Isn't that kind of related to dithering, too? And the reason why someone like Chris from Airwindows wrote a dozen different dither algos, each with their own unique sonic fingerprint? Then again, to be honest I never quite wrapped my head around dithering, but I know that it involves noise being added to a signal for addressing bit resolution.
Right. Well, dithering is more subtle - or I should say the dither noise itself is, for one because it's at a much lower level than hiss, but mainly because it's designed carefully not to be heard.
The basic idea is that when you reduce the number of bits - typically when you go down from the 24-bit production standard to 16 for CDs (I know, what are those?) - what you lose is low-level detail (because you're truncating the bottom bits) and just cutting that off can sound harsh.
So dither is very quiet noise added to the signal that causes it to jump over the 16-bit lower threshold some of the time, thus smoothing the transition to silence. The best analogy I've heard is kids jumping up to see over the fence at a baseball game - they get a view every time they peer over.

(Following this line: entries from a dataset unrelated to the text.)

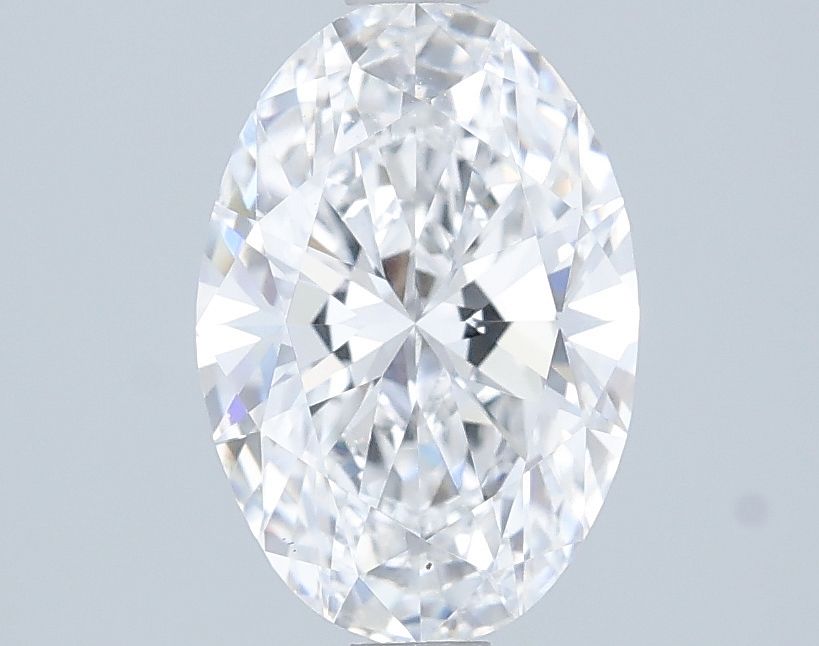 1.71 ct. oval Lab Grown Diamond front image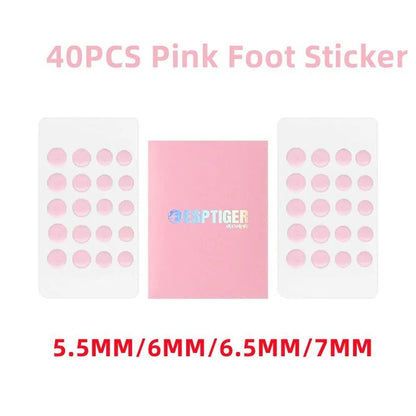 40PCS Esptiger ICE V2 Foot Stickers With Arc Edge For DIY Mouse Grip Precision In Multiple Sizes 8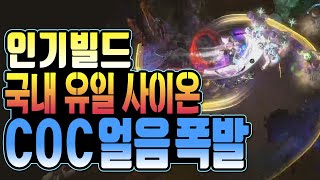 [너빌보 시즌4] #2 사이온 COC 얼음폭발 패스오브엑자일 pathofexile [POE 3.9]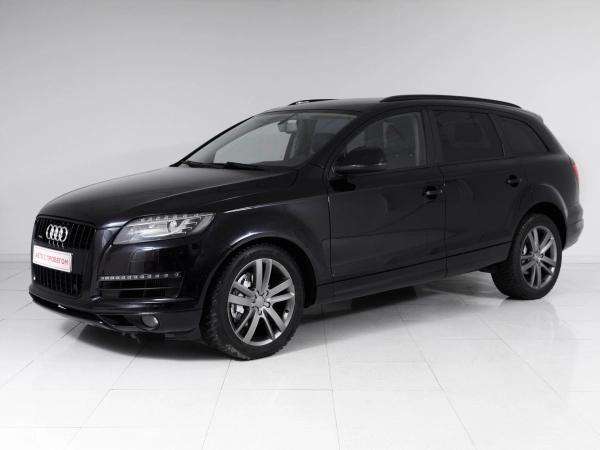 Audi Q7, I (4L) Рестайлинг фото №1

However, the different flavors of dither get very tweaky. Not only is it noise-shaped, meaning it's at frequencies the ear is least sensitive to, it's designed to be decorrelated from the signal to help mask the effect.
You can hear the effect by recording a decaying note at 24 bits, possibly lowering it way down to make sure it falls into the bits you're losing, and bouncing that to disk at 16 bits both dithered and truncated.
Then raise the level way up and compare the two. You'll hear one fade out smoothly and the other cut off abruptly.